Regulators

Paul Chou
2 min readFeb 17, 2022

This article caught my eye, and brought back some memories.

I think the realities of government regulators aren’t appreciated by people who don’t have to work with them.

There is a lot of pageantry with regulators and their associated hearings. Little substance, lots of bluster. But let me differentiate between two categories of regulators.

In my experience, the staffers are universally solid, hard working people. They are there no matter who the political appointees are, and carry on the mission as directed.

Political appointees are a different animal, and care quite a bit about their personal optics as they vie for pristine resumes and special “access” to parlay into lucrative private sector jobs after. Instead of a singular focus on executing and enforcing the law, most of all, they hate looking bad.

A quick story, from January 2019. It’s no secret I was open about criticizing the US government back then for moving so ponderously with bitcoin regulation. It was clear overseas exchanges were going to win, given what was happening.

One day, I got a call in my office from a government deputy. “We’re going to take your license away.” It came out of nowhere.

I was incredulous. Why, exactly? What regulation did we not comply with? There was absolutely no substantive answer — everything we had done was by the book, every I dotted, every T crossed. I learned that they were threatening this due to my blog post discussing our frustration with the regulators.

The message was simple — stop making us look bad, or we will make your life miserable.

And miserable it was. For the next 6 months, my team had to scramble and do completely unnecessary work, at the complete expense of building a good product and customer experience. It was bad for us, and bad for our customers. I had never seen such a thuggish move in my entire life from my own government.

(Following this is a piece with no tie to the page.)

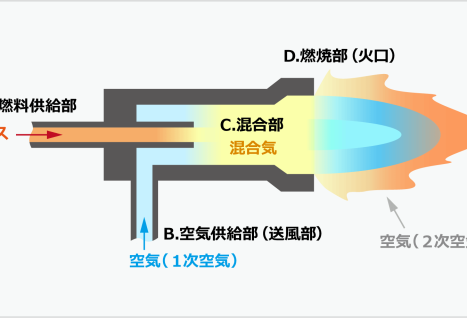工業用バーナーの仕組み　構造について表した図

I once had an advisor close to the government who knew that we were about to get our license, eager to ask whether I thought Bitcoin was going to go up after the announcement. Geez, that should show you the structure of incentives here. Things are changing a bit, thankfully.

What surprised me the most is the regulators had well funded, sophisticated “PR” teams that essentially have the writ to plant stories about companies and people they don’t like.

I always laugh when I think about this in retrospect — my taxpayer dollars at work. I used to think the government worked for the people, not for themselves.

But maybe I’m just old fashioned.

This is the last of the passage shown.